Auto Models¶
AutoTCN¶
AutoTCN is a TCN forecasting model with Auto tuning. Other API follows its base class(BasePytorchAutomodel).
- class bigdl.chronos.autots.model.auto_tcn.AutoTCN(input_feature_num, output_target_num, past_seq_len, future_seq_len, optimizer, loss, metric, metric_mode=None, hidden_units=None, levels=None, num_channels=None, kernel_size=7, lr=0.001, dropout=0.2, backend='torch', logs_dir='/tmp/auto_tcn', cpus_per_trial=1, name='auto_tcn', remote_dir=None)[source]¶
Bases:
bigdl.chronos.autots.model.base_automodel.BaseAutomodelCreate an AutoTCN.
- Parameters
input_feature_num – Int. The number of features in the input
output_target_num – Int. The number of targets in the output
past_seq_len – Int. The number of historical steps used for forecasting.

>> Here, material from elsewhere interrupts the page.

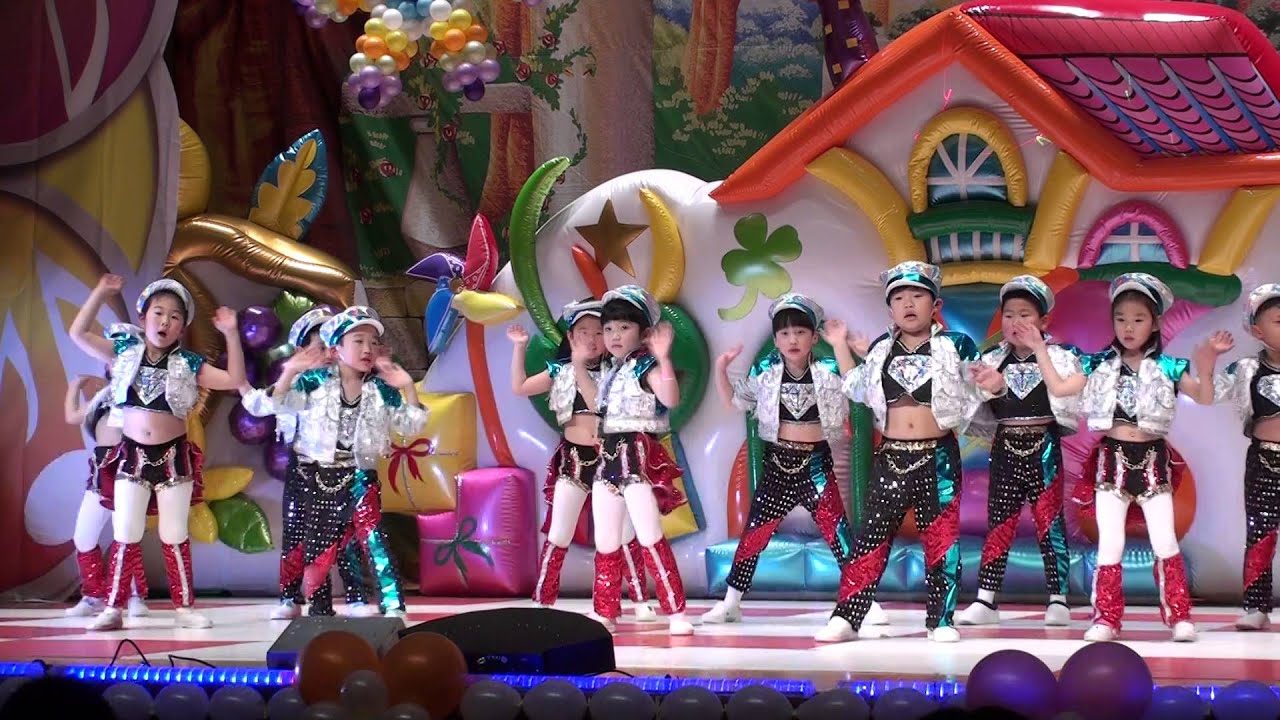 20160203 대전 바다의별 유치원 학예발표회-뱅뱅뱅-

future_seq_len – Int. The number of future steps to forecast.
optimizer – String or pyTorch optimizer creator function or tf.keras optimizer instance.
loss – String or pytorch/tf.keras loss instance or pytorch loss creator function.

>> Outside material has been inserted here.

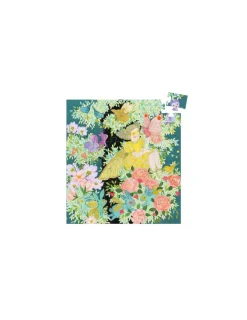 Djeco Puzzle L'Arbre de Flora 54 pièces -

metric – String or customized evaluation metric function. If string, metric is the evaluation metric name to optimize, e.g. “mse”. If callable function, it signature should be func(y_true, y_pred), where y_true and y_pred are numpy ndarray. The function should return a float value as evaluation result.
metric_mode – One of [“min”, “max”]. “max” means greater metric value is better. You have to specify metric_mode if you use a customized metric function. You don’t have to specify metric_mode if you use the built-in metric in bigdl.orca.automl.metrics.Evaluator.
hidden_units – Int or hp sampling function from an integer space. The number of hidden units or filters for each convolutional layer. It is similar to units for LSTM. It defaults to 30. We will omit the hidden_units value if num_channels is specified. For hp sampling, see bigdl.orca.automl.hp for more details. e.g. hp.grid_search([32, 64]).
levels – Int or hp sampling function from an integer space. The number of levels of TemporalBlocks to use. It defaults to 8. We will omit the levels value if num_channels is specified.
num_channels – List of integers. A list of hidden_units for each level. You could specify num_channels if you want different hidden_units for different levels. By default, num_channels equals to [hidden_units] * (levels - 1) + [output_target_num].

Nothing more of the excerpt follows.